Single by Bis
- B-side: "Bisbis"
- Released: March 20, 2019
- Genre: J-pop, rock
- Length: 31:35
- Label: Nippon Crown

Bis singles chronology
| "Against the Pain" (2018) | "Are You Ready?" (2019) |  |

Music video
- "Are You Ready?" on YouTube

= Are You Ready? (Bis song) =

"Are You Ready?" is the sixth and final single by the second generation of Japanese girl group Bis, released on March 20, 2019, by Nippon Crown. The single peaked at number two on the Oricon Singles Chart. "Are You Ready?" serves as the fifth ending theme of Yu-Gi-Oh!

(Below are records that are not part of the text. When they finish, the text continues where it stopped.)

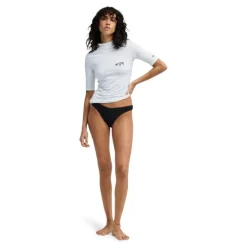 Billabong Tropical Surf Ss - Lycra femme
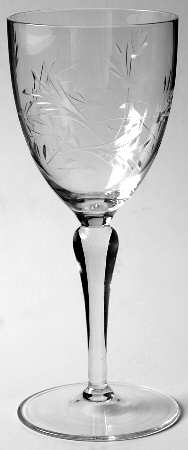 UNK8471 by Unknown Manufacturer
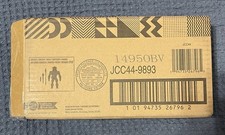 Masters of the Universe Origins Red Shadow Mattel 2025 Club GraySkull Members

VRAINS.

==Music and lyrics==
The song "Are You Ready?" was inspired by the film Bohemian Rhapsody and has a length of 11 minutes and 24 seconds which is a reference to November 24, the date of Freddie Mercury's death.

==Track listing==
All music by Matsukuma Kenta.

CD single
| No. | Title | Lyrics | Length |
|---|---|---|---|
| 1. | "Are you ready?" | Matsukuma Kenta, JxSxK | 11:24 |
| 2. | "Bisbis" | Pour Lui, JxSxK | 4:22 |
| 3. | "Are you ready? (Instrumental)" |  | 11:24 |
| 4. | "Bisbis (Instrumental)" |  | 4:22 |
| Total length: |  |  | 31:35 |

== Charts ==

Weekly chart performance for "Are You Ready?"
| Chart (2019) | Peak position |
|---|---|
| Japan (Japan Hot 100) | 8 |
| Japan (Oricon) | 2 |

== Certifications ==

Certifications and sales for "Are You Ready?"
| Region | Certification | Certified units/sales |
| Japan (RIAJ) | Gold | 100,000^{^} |
^{^} Shipments figures based on certification alone.